A unos pasos de donde murió Salvador Allende durante el golpe de Estado en el Palacio de La Moneda en 1973, el presidente Andrés Manuel López Obrador condenó: “él no merecía ser tratado de esa manera; aquel fue un crimen horrendo (…) la traición de Augusto Pinochet fue abominable, es una mancha que no se borra ni con toda el agua de los océanos”.
Acompañado del presidente Gabriel Boric, su anfitrión, y con quien tuvo también un encuentro privado en el marco de su visita oficial a Chile, López Obrador exaltó aquí, como lo ha hecho numerosas veces, la figura de Allende. El malhadado mandatario –dijo– aún gobierna con su ejemplo. Es el personaje extranjero que “más admiro, que más sentimientos me genera. Un humanista, un hombre bueno, víctima de canallas”.
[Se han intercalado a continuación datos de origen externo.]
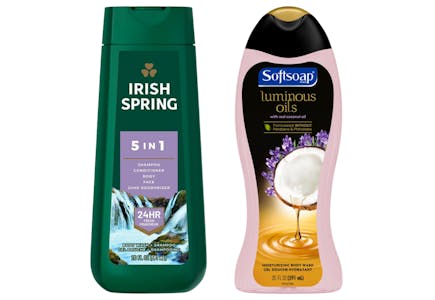 1 Irish Spring + 1 Softsoap Body Wash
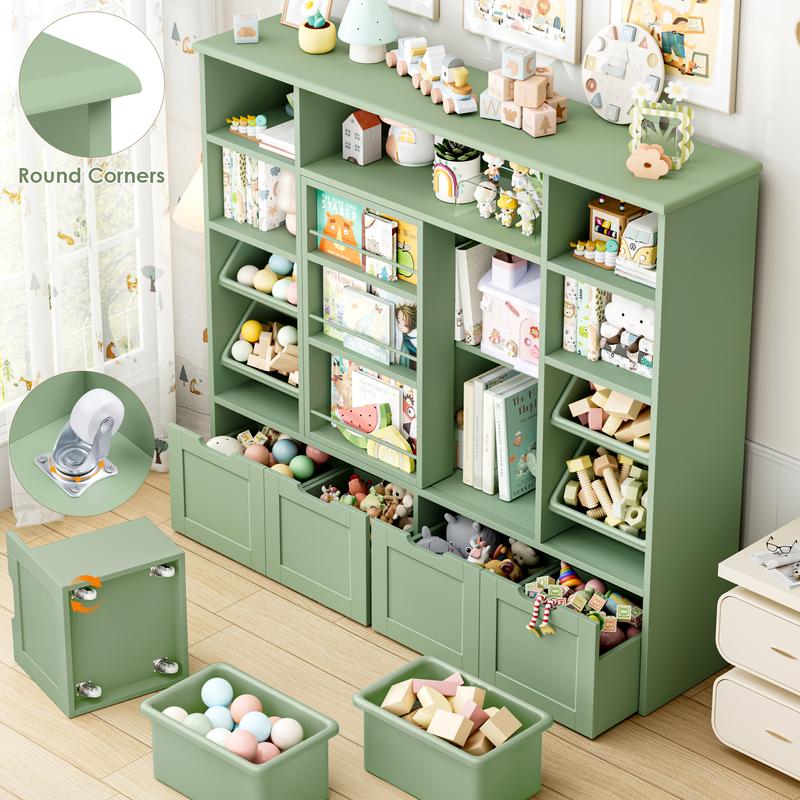 FOTOSOK 55.1" W Toy Storage with Sliding Bookshelf, Large Kids Bookshelf with 4 Movable Drawers and 4 Bins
En consonancia con las afinidades ideológicas que los vinculan, agobiado por una derecha radicalizada en el proceso de elaborar una nueva Constitución, Boric también recurrió a esa remembranza histórica: “¡imaginen el 11 de septiembre de 1973! A la embajada mexicana poco a poco comienzan a llegar desesperadamente militantes, obreros, gente que busca refugio, y donde un embajador valiente, de nombre Gonzalo (Martínez Corbalá), si no mal recuerdo, recibe –tanto en su residencia como en la embajada– a cientos de chilenos”.